- _TASK INSTRUCTIONS_
Please repeat exactly the lines from the one containing "Cast ceramic oryx sculpture by Austin Brod" through the last line of the records, both included, and nothing else, leaving out any pictures.

- _RECORDS PROVIDED_
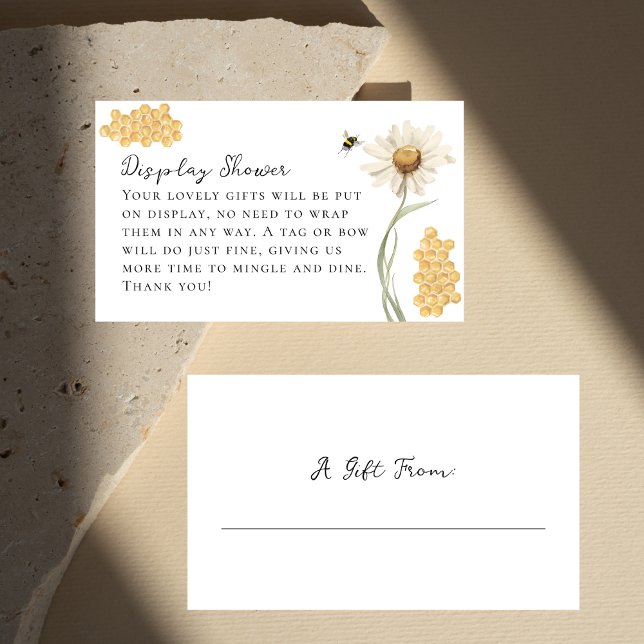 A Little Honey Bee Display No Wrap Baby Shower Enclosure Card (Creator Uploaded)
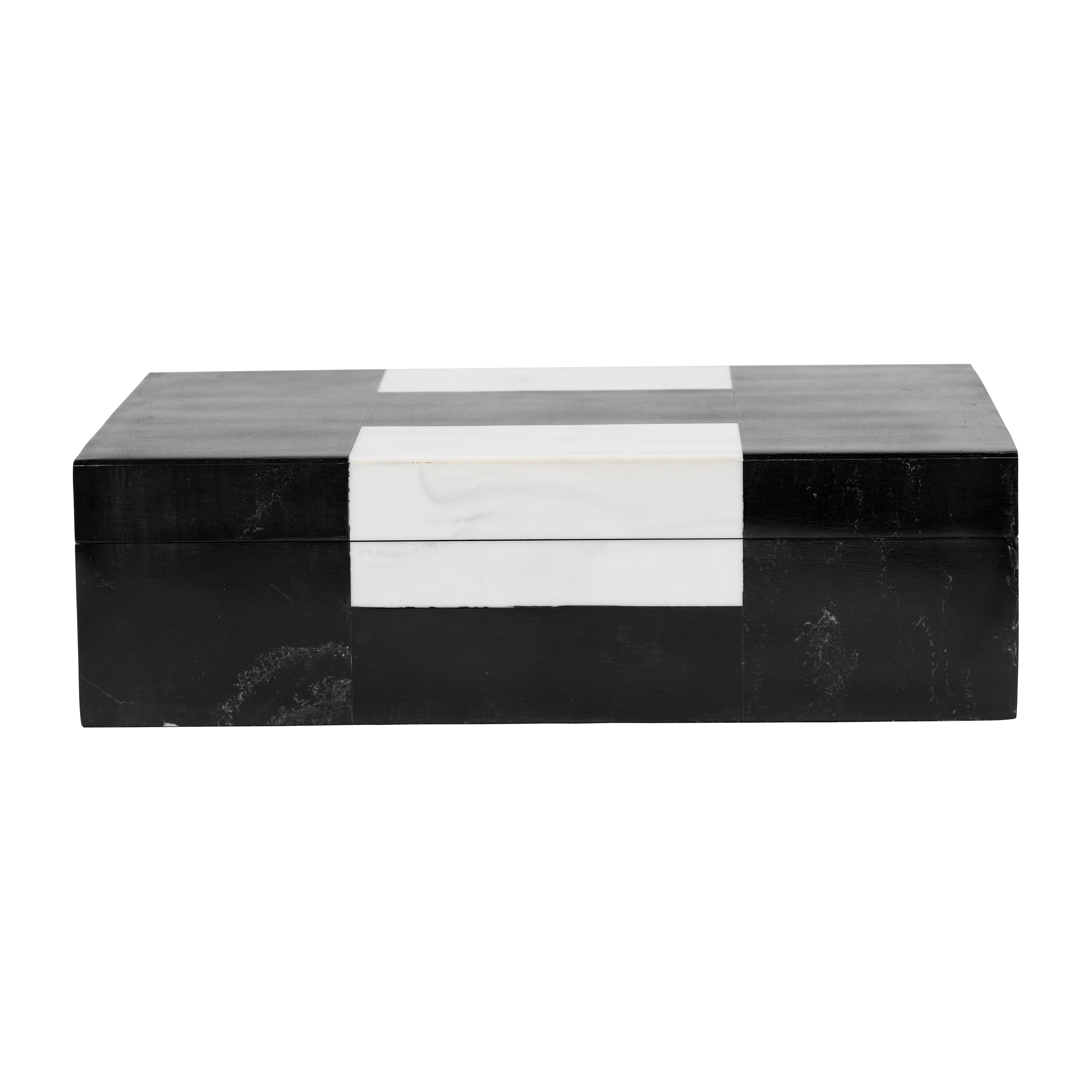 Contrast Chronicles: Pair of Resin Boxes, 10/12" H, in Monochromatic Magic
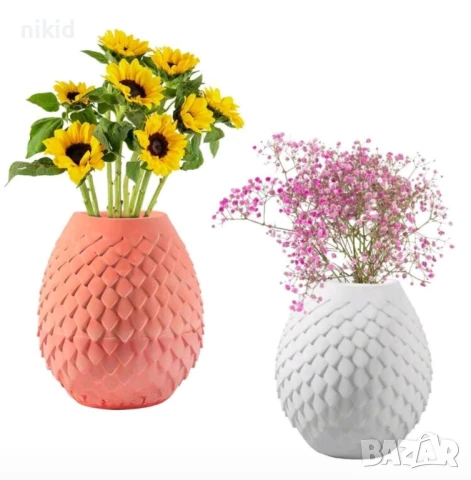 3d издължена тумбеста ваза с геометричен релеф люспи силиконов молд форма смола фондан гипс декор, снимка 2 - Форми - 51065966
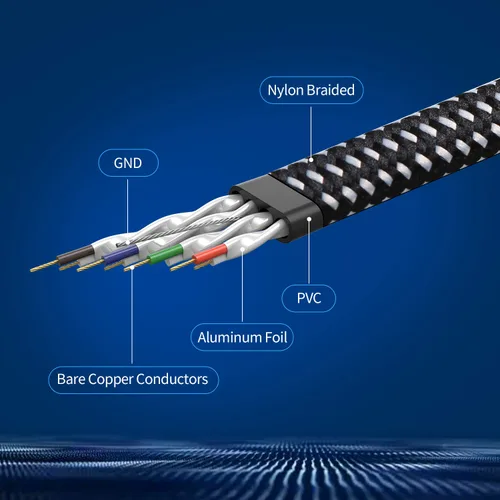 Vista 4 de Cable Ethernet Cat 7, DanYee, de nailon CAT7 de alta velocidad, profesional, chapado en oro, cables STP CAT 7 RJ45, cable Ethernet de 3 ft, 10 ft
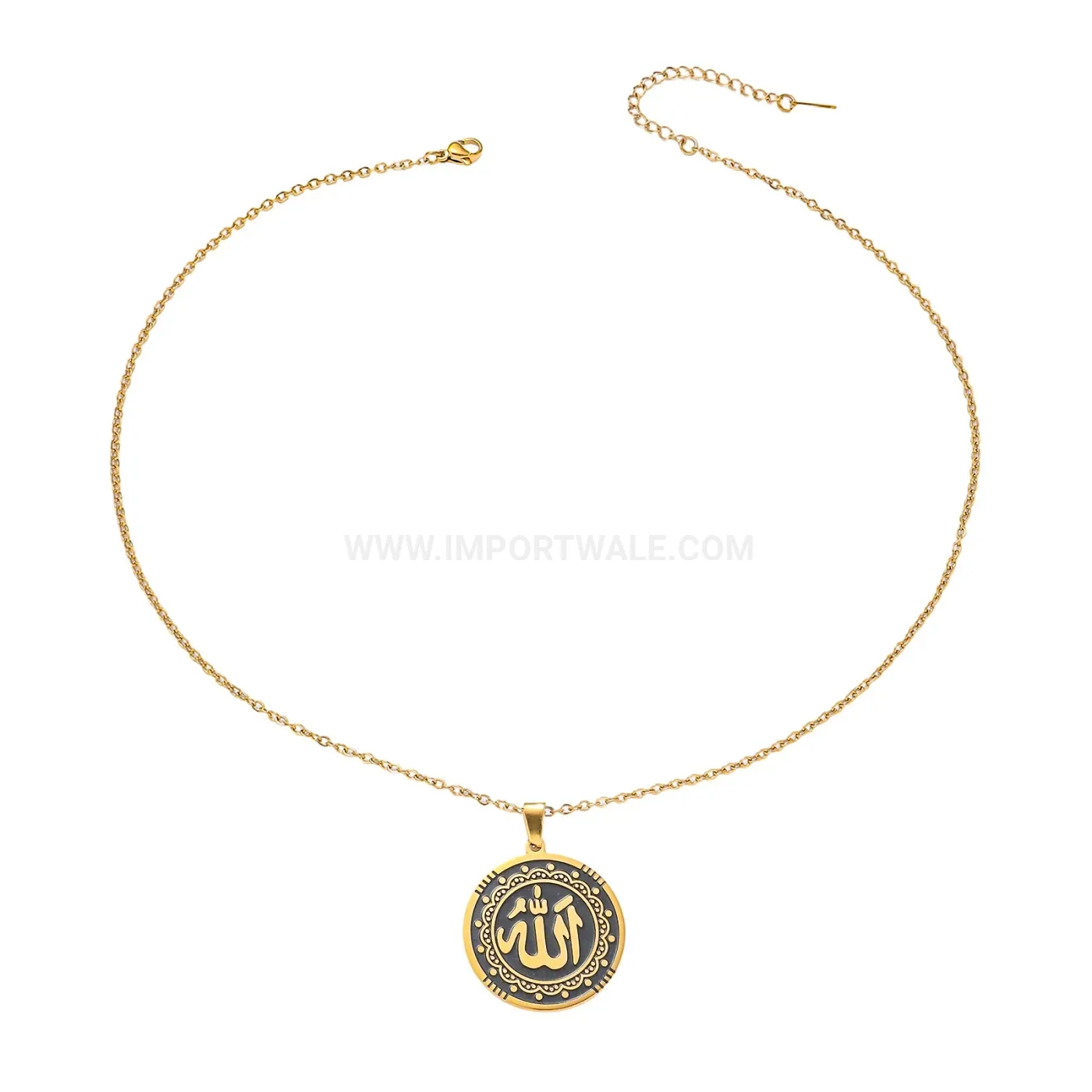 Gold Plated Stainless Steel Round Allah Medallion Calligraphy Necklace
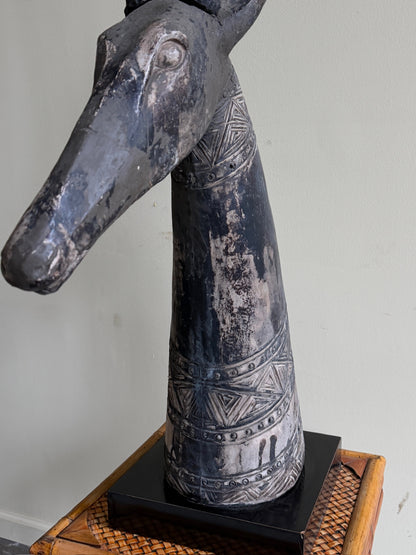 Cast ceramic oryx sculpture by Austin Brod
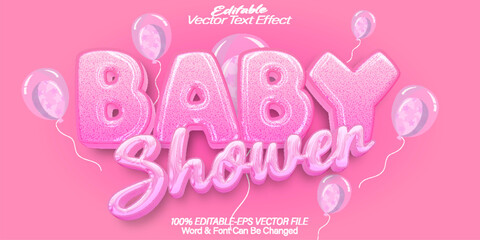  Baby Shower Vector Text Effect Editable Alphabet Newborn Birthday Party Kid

- _REPLY_
 Cast ceramic oryx sculpture by Austin Brod
  Baby Shower Vector Text Effect Editable Alphabet Newborn Birthday Party Kid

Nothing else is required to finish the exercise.